Data block:
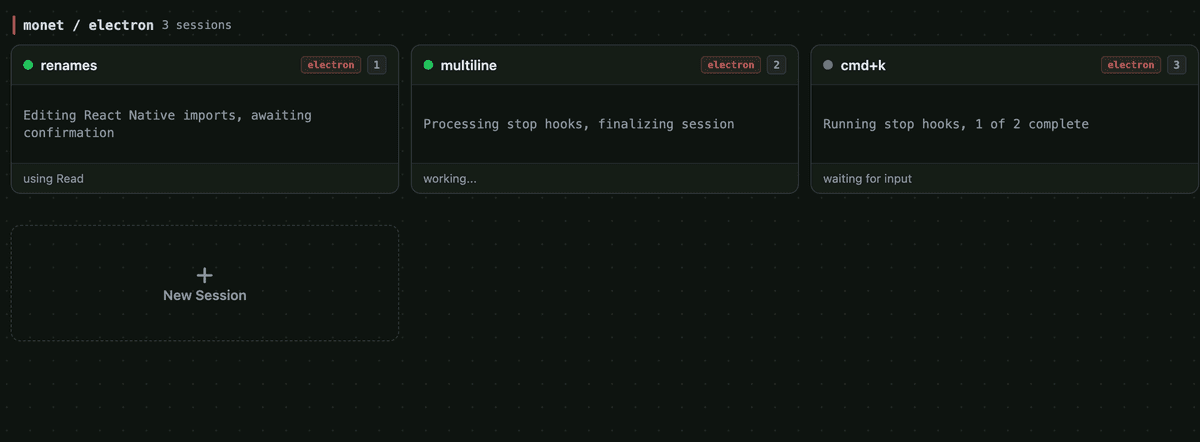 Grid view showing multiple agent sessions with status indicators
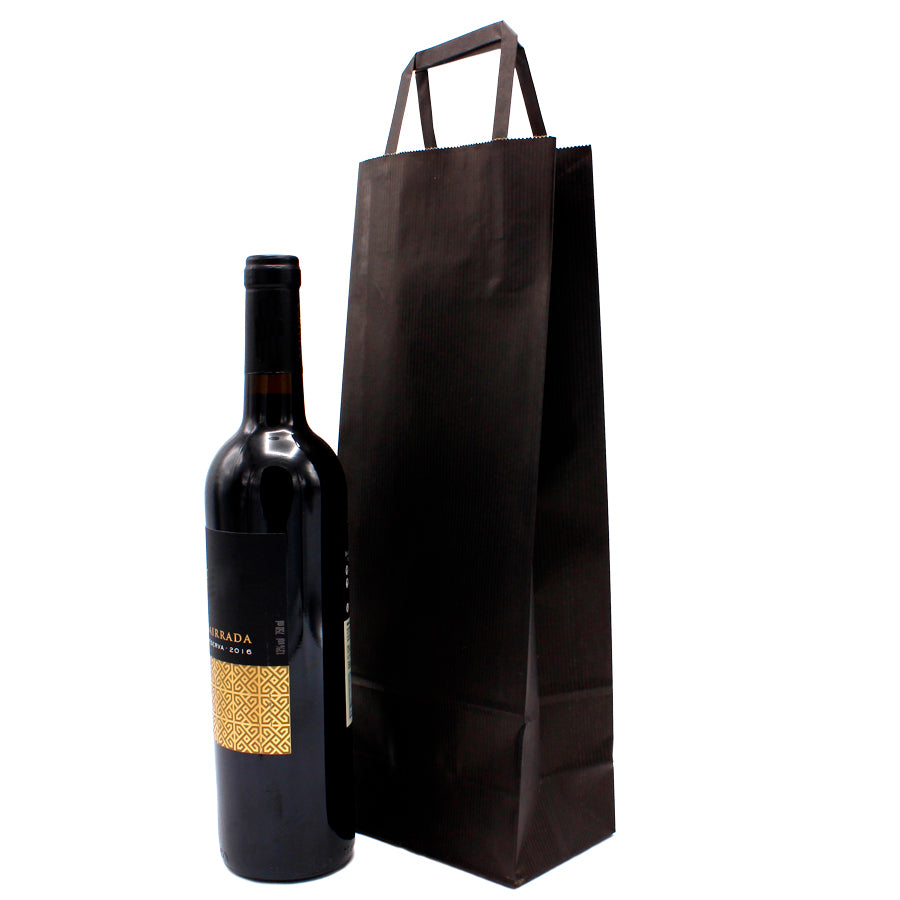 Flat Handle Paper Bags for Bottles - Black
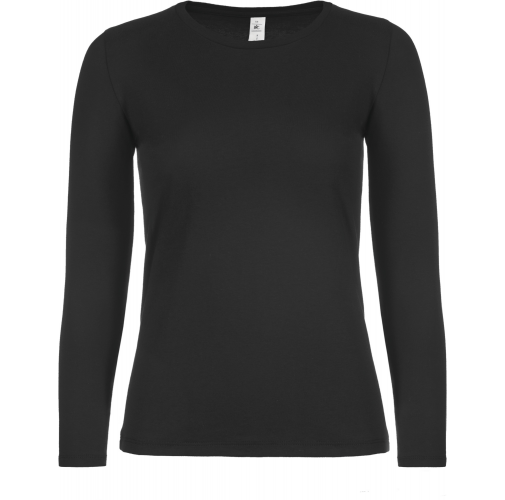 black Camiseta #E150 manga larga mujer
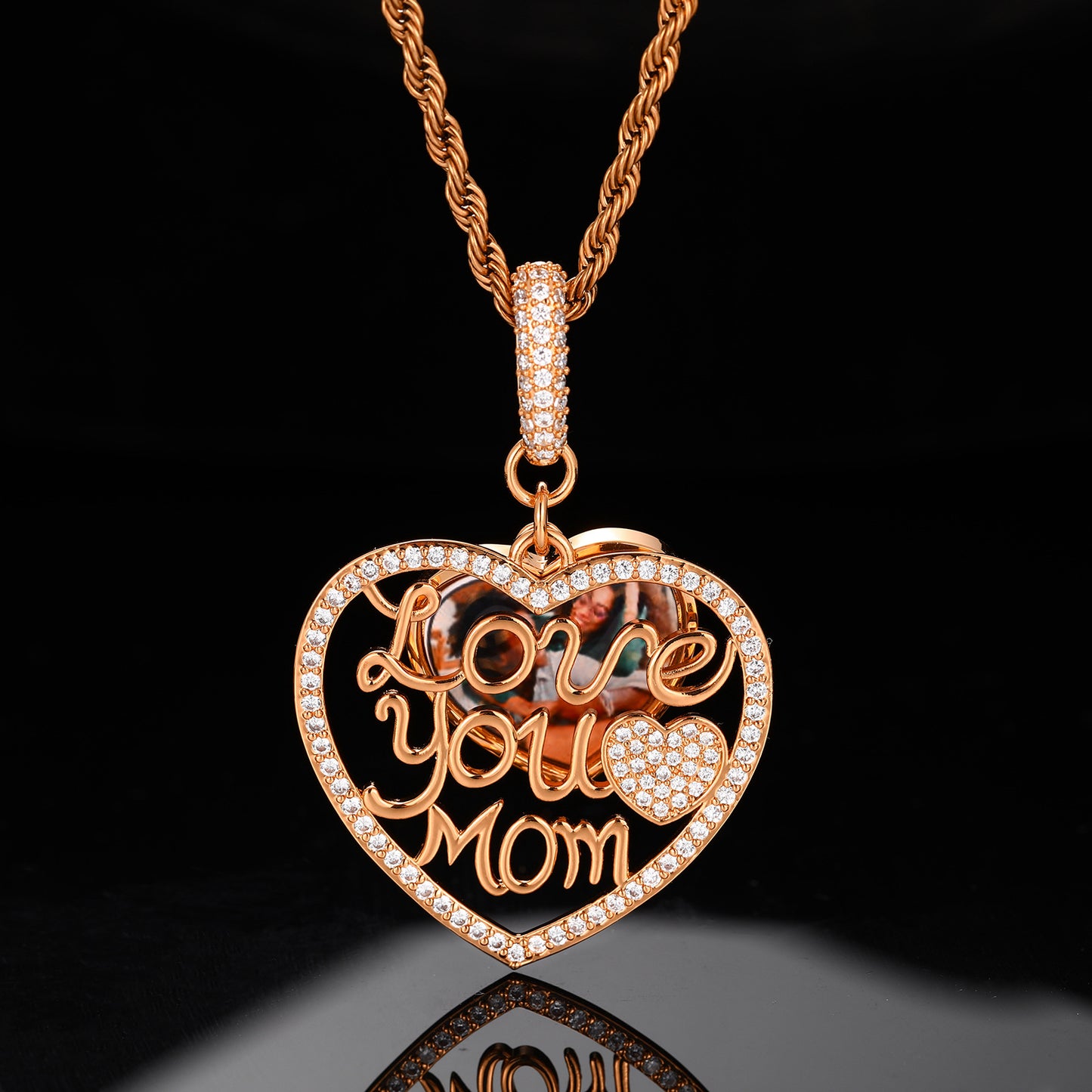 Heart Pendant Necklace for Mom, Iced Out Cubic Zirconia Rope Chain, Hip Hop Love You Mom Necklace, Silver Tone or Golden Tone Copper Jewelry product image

Problem requirements: Restate every line above word for word. Do not carry over the images.

Answer area:
 Grid view showing multiple agent sessions with status indicators
 Flat Handle Paper Bags for Bottles - Black
 black Camiseta #E150 manga larga mujer
 Heart Pendant Necklace for Mom, Iced Out Cubic Zirconia Rope Chain, Hip Hop Love You Mom Necklace, Silver Tone or Golden Tone Copper Jewelry product image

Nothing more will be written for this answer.